Records from a collection:
-- Opening Marker --

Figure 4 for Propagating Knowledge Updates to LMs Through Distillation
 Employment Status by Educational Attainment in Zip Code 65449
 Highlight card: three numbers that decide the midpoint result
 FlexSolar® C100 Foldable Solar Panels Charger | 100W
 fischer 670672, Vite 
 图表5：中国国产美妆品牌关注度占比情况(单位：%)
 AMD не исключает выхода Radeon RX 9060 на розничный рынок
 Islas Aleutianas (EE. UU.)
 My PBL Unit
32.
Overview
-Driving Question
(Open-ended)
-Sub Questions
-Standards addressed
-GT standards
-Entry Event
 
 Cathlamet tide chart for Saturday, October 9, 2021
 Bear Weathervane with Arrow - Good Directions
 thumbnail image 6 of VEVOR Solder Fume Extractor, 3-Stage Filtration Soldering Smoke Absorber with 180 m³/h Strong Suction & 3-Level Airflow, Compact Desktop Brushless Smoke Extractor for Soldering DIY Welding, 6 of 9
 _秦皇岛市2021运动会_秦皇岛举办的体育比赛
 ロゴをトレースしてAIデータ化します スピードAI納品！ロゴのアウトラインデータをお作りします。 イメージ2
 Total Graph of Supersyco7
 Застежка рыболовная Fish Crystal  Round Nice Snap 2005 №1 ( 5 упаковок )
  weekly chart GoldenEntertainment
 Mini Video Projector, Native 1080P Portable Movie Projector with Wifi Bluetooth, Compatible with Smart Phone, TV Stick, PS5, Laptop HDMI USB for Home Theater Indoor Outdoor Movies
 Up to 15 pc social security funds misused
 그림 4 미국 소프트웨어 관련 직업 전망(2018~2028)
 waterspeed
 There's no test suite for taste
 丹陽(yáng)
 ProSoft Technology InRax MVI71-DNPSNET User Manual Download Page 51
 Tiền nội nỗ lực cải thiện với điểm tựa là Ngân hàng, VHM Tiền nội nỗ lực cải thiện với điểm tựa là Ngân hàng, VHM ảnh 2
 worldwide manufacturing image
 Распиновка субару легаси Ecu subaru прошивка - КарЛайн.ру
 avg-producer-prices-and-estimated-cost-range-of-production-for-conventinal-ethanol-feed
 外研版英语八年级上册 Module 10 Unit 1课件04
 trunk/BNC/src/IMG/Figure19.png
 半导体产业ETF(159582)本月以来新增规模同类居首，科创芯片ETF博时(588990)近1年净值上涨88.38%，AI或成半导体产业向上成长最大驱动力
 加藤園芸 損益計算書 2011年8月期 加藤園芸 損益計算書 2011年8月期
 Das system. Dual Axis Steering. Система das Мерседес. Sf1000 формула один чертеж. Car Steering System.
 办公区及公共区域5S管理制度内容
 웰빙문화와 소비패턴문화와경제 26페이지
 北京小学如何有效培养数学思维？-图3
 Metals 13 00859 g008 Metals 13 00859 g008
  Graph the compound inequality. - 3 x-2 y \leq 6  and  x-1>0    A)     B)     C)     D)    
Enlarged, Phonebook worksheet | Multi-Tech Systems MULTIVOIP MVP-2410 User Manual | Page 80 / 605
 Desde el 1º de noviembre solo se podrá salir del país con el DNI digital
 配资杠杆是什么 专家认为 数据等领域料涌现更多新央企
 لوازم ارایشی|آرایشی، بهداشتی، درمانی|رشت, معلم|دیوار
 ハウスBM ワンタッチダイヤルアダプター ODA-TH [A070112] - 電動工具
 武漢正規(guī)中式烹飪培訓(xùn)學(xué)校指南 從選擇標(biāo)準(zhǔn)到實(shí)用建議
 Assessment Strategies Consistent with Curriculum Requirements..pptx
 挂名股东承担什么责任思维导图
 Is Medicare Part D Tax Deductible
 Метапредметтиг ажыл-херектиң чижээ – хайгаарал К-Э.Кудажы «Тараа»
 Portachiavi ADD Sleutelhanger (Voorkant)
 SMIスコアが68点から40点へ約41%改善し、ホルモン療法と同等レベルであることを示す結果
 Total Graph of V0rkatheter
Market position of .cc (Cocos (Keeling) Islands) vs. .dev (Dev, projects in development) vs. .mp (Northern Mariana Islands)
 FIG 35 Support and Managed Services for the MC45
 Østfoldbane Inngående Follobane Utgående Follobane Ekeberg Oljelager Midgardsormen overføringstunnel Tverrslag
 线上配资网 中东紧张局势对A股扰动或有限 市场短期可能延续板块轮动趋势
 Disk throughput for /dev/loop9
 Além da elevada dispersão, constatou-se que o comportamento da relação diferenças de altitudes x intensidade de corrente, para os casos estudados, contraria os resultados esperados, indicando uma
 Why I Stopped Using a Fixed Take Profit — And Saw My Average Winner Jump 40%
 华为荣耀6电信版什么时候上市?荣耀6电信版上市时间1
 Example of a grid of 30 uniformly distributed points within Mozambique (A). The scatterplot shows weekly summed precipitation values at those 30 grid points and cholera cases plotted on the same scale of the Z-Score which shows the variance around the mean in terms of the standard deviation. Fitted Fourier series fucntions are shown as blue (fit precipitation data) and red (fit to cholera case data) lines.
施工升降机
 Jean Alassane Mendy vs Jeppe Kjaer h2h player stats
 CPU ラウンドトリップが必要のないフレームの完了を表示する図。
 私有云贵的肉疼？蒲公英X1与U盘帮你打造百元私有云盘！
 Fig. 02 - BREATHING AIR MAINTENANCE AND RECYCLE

-- Closing Marker --

Pick out, from the lines above, every one that contains the string "weekly".

- [Response area]:
  weekly chart GoldenEntertainment
 Example of a grid of 30 uniformly distributed points within Mozambique (A). The scatterplot shows weekly summed precipitation values at those 30 grid points and cholera cases plotted on the same scale of the Z-Score which shows the variance around the mean in terms of the standard deviation. Fitted Fourier series fucntions are shown as blue (fit precipitation data) and red (fit to cholera case data) lines.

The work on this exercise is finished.